Why not really simplify the BIA and concurrently simplify your recovery planning and your actual recovery?
A Static Report
The final flaw may be the most critical. A BIA typically is a static report whose data reflects the business’ needs at a specific point in time. Once the report is presented to management, it is usually put on the shelf to gather dust until the next refresh…two or three years from now. But gaining management’s commitment and prioritizing recovery requirements for planning purposes is possibly the least important use for this data. Instead, this data must be kept evergreen and should be immediately available at-time–of-disaster to dynamically model cross-process dependencies to determine the ripple-effect of the event-specific impact; and, to “calculate” in real-time, the dynamic recovery plan to address the specific loss profile for the specific event given its specific damage and impact relative to the specific timing of the event while taking into account the then available tools and resources available for mitigation and recovery efforts. And, if you are unlucky enough to have another disaster on the next day, at a different location, with a different impact profile, you should be able to model a completely different plan for a completely different mitigation and recovery effort…once again in real-time.
The days of “all or nothing” plans and “smoking hole” disasters are long past.

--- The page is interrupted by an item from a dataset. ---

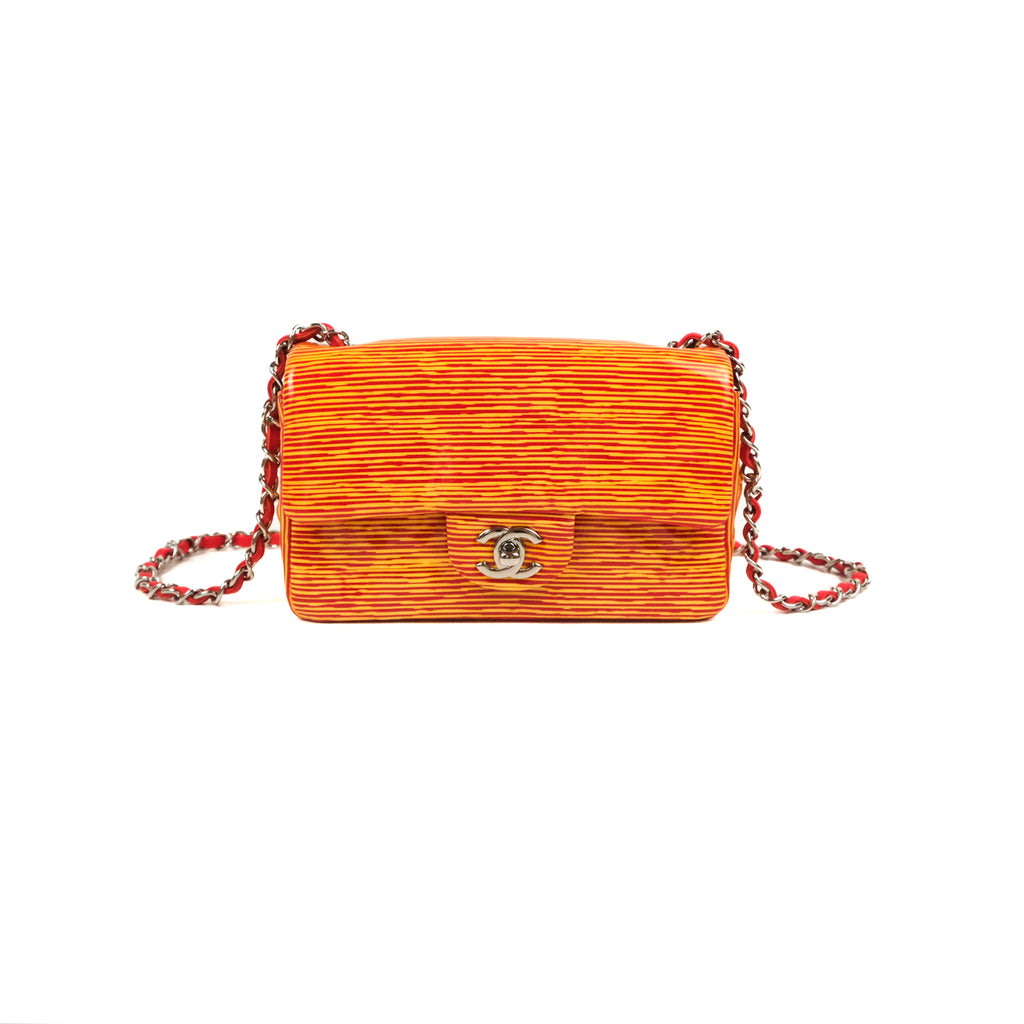 Chanel Mini Rectangular Flap Bag Orange Red Striped Patent Silver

This dictates that the BIA must be a tool not a static report—regardless of how good that report might be. The tool must contain all of the recovery objectives, needs and resources correlated by location, department and process. It must be able to interactively illustrate the unique recovery priorities and sequences based on the actual loss from the specific event. It must be able to support decision making at time of disaster by clearly illustrating increasing impact relative to time and the corresponding degrading effectiveness of manual procedures. And it must be able to facilitate dynamic reassignment of recovery resources based on current needs and priorities.
Only by understanding the true needs of the business and how applications and processes interact at the detail level can proportionate and cost-effective recovery strategies be designed.
A traditional BIA is too often an artificial project that is intended simply to convince management to invest in business continuity planning by painting a picture of abstract risk and losses. The BIA needs to be redesigned to reveal more detailed process and application information that is mandatory to craft the most cost-effective and workable final solution. It must produce data that will enable the design of much more finely tuned recovery strategies which in turn will offer much better recoverability at a much lower price point…strategies that will take maximum advantage of existing resources and infrastructure and support the business process requirements in the most functional and cost-effective manner.